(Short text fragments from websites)
┄┄┄┄┄┄┄┄┄┄┄┄┄┄┄┄┄┄┄┄

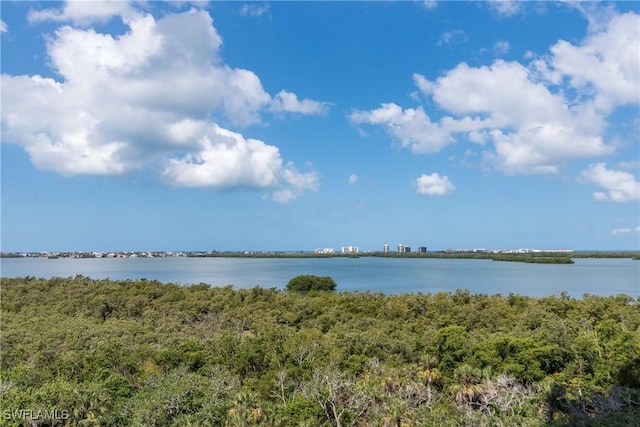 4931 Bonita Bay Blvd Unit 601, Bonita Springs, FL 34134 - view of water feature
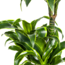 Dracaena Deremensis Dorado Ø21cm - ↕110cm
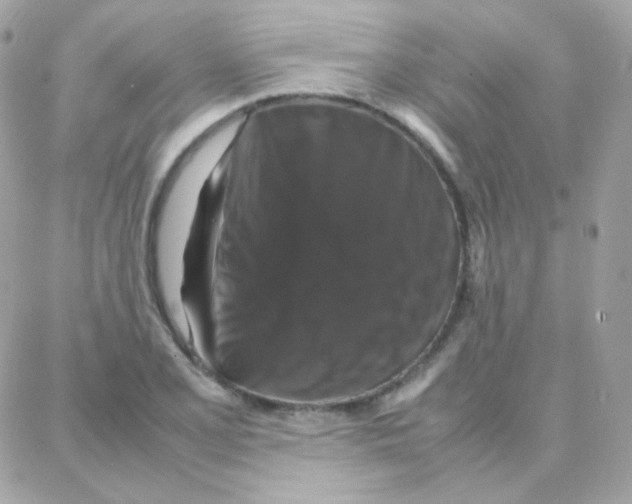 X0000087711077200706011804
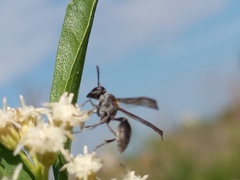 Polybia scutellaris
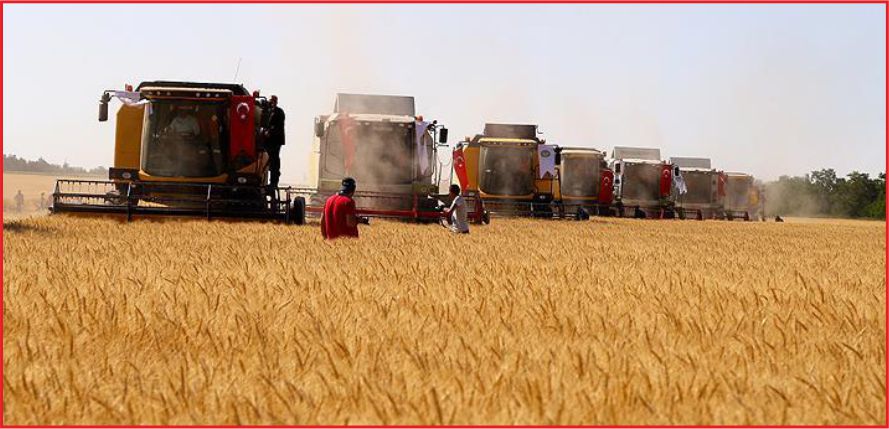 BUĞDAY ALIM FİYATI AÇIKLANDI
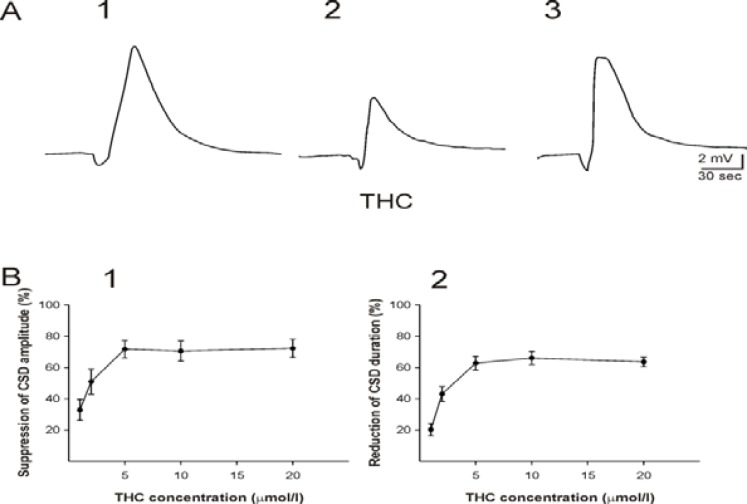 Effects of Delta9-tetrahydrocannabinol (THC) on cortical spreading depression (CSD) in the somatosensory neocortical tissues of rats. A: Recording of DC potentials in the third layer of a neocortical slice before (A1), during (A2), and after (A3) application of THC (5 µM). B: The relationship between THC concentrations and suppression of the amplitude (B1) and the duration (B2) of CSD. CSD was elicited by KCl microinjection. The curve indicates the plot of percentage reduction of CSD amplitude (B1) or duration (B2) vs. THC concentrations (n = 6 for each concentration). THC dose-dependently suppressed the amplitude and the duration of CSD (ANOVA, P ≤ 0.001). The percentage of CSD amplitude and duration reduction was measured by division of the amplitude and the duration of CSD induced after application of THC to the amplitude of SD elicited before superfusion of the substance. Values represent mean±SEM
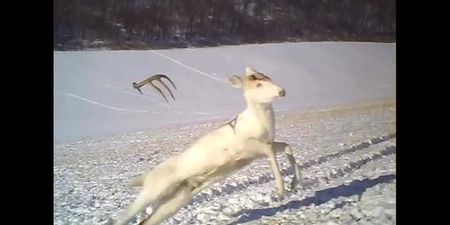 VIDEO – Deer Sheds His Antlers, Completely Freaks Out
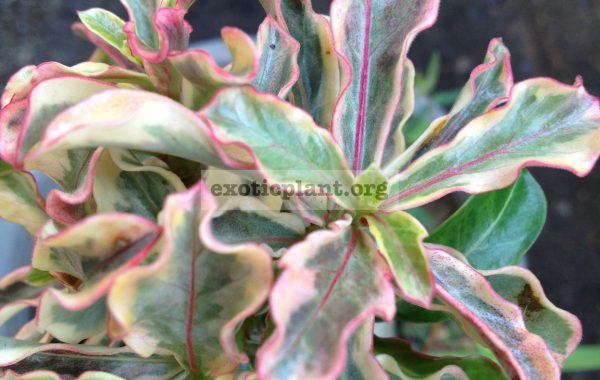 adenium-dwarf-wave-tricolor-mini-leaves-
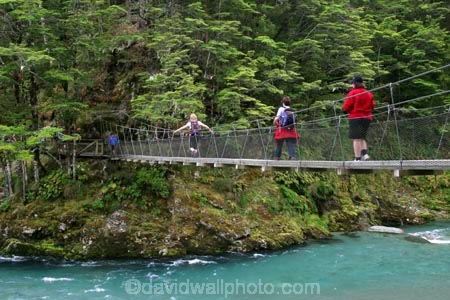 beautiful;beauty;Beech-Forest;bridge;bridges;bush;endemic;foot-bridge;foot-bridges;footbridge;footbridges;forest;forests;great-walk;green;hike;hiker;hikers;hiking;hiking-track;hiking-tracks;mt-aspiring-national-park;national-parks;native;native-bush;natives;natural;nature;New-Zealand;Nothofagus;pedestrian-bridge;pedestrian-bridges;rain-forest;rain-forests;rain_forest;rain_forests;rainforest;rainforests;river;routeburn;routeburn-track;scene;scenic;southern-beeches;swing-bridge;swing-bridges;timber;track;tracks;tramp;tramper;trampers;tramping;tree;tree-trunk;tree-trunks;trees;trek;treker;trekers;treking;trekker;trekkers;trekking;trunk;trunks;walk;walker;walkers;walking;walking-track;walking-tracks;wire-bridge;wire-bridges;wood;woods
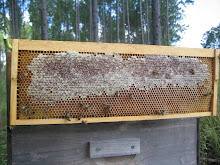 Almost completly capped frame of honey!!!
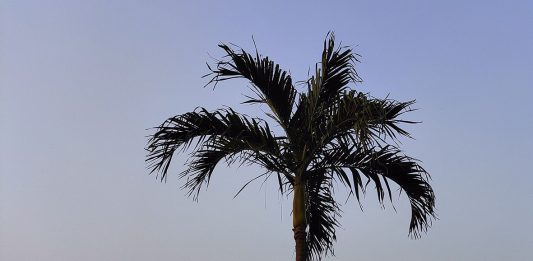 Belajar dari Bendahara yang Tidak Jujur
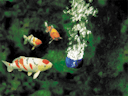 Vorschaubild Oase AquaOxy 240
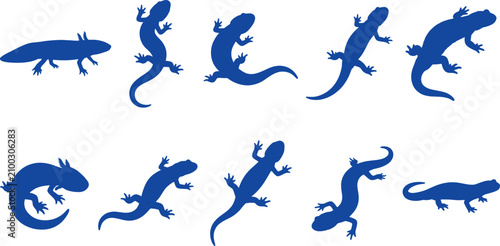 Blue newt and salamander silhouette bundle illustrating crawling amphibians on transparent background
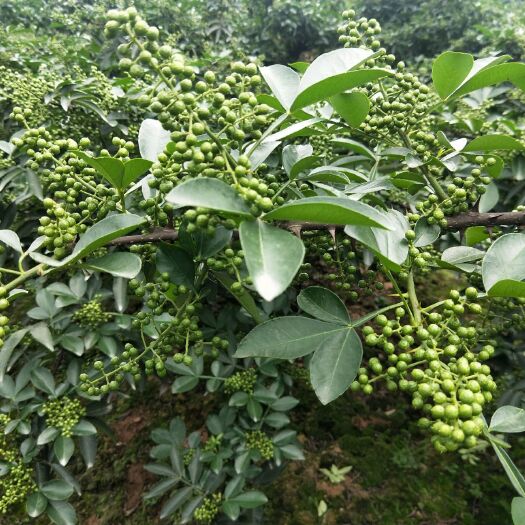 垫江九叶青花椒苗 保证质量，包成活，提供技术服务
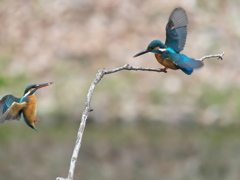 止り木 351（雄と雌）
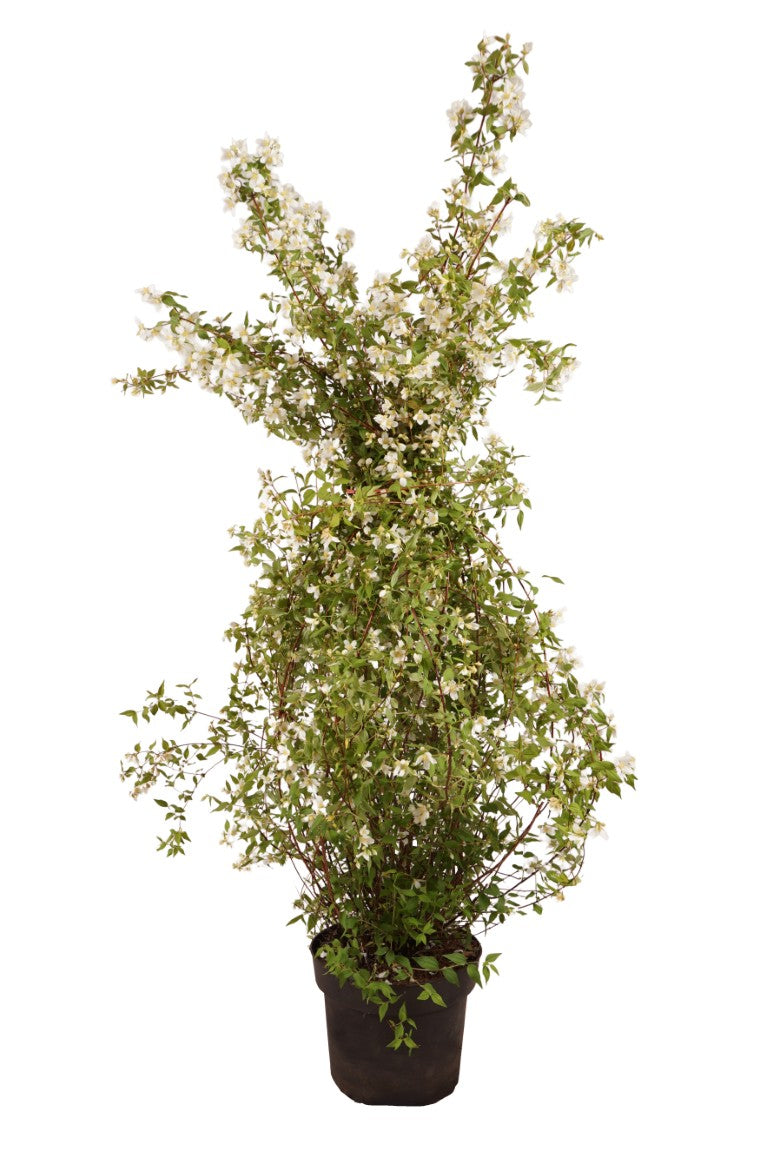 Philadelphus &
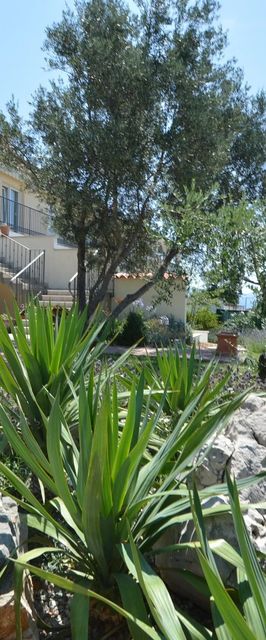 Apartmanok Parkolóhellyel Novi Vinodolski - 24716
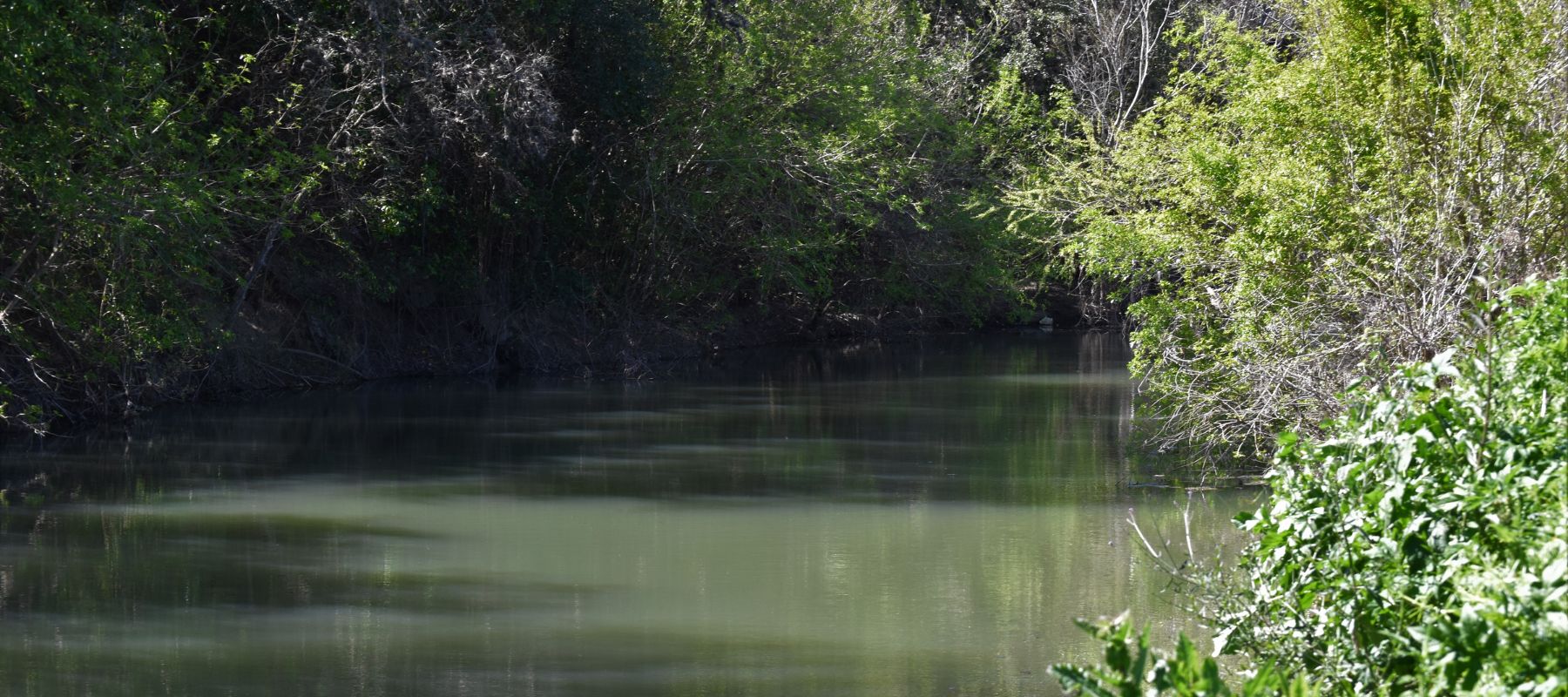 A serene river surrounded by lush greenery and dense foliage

┄┄┄┄┄┄┄┄┄┄┄┄┄┄┄┄┄┄┄┄

The records above should be output exactly, but without any of their pictures.

 4931 Bonita Bay Blvd Unit 601, Bonita Springs, FL 34134 - view of water feature
 Dracaena Deremensis Dorado Ø21cm - ↕110cm
 X0000087711077200706011804
 Polybia scutellaris
 BUĞDAY ALIM FİYATI AÇIKLANDI
 Effects of Delta9-tetrahydrocannabinol (THC) on cortical spreading depression (CSD) in the somatosensory neocortical tissues of rats. A: Recording of DC potentials in the third layer of a neocortical slice before (A1), during (A2), and after (A3) application of THC (5 µM). B: The relationship between THC concentrations and suppression of the amplitude (B1) and the duration (B2) of CSD. CSD was elicited by KCl microinjection. The curve indicates the plot of percentage reduction of CSD amplitude (B1) or duration (B2) vs. THC concentrations (n = 6 for each concentration). THC dose-dependently suppressed the amplitude and the duration of CSD (ANOVA, P ≤ 0.001). The percentage of CSD amplitude and duration reduction was measured by division of the amplitude and the duration of CSD induced after application of THC to the amplitude of SD elicited before superfusion of the substance. Values represent mean±SEM
 VIDEO – Deer Sheds His Antlers, Completely Freaks Out
 adenium-dwarf-wave-tricolor-mini-leaves-
 beautiful;beauty;Beech-Forest;bridge;bridges;bush;endemic;foot-bridge;foot-bridges;footbridge;footbridges;forest;forests;great-walk;green;hike;hiker;hikers;hiking;hiking-track;hiking-tracks;mt-aspiring-national-park;national-parks;native;native-bush;natives;natural;nature;New-Zealand;Nothofagus;pedestrian-bridge;pedestrian-bridges;rain-forest;rain-forests;rain_forest;rain_forests;rainforest;rainforests;river;routeburn;routeburn-track;scene;scenic;southern-beeches;swing-bridge;swing-bridges;timber;track;tracks;tramp;tramper;trampers;tramping;tree;tree-trunk;tree-trunks;trees;trek;treker;trekers;treking;trekker;trekkers;trekking;trunk;trunks;walk;walker;walkers;walking;walking-track;walking-tracks;wire-bridge;wire-bridges;wood;woods
 Almost completly capped frame of honey!!!
 Belajar dari Bendahara yang Tidak Jujur
 Vorschaubild Oase AquaOxy 240
 Blue newt and salamander silhouette bundle illustrating crawling amphibians on transparent background
 垫江九叶青花椒苗 保证质量，包成活，提供技术服务
 止り木 351（雄と雌）
 Philadelphus &
 Apartmanok Parkolóhellyel Novi Vinodolski - 24716
 A serene river surrounded by lush greenery and dense foliage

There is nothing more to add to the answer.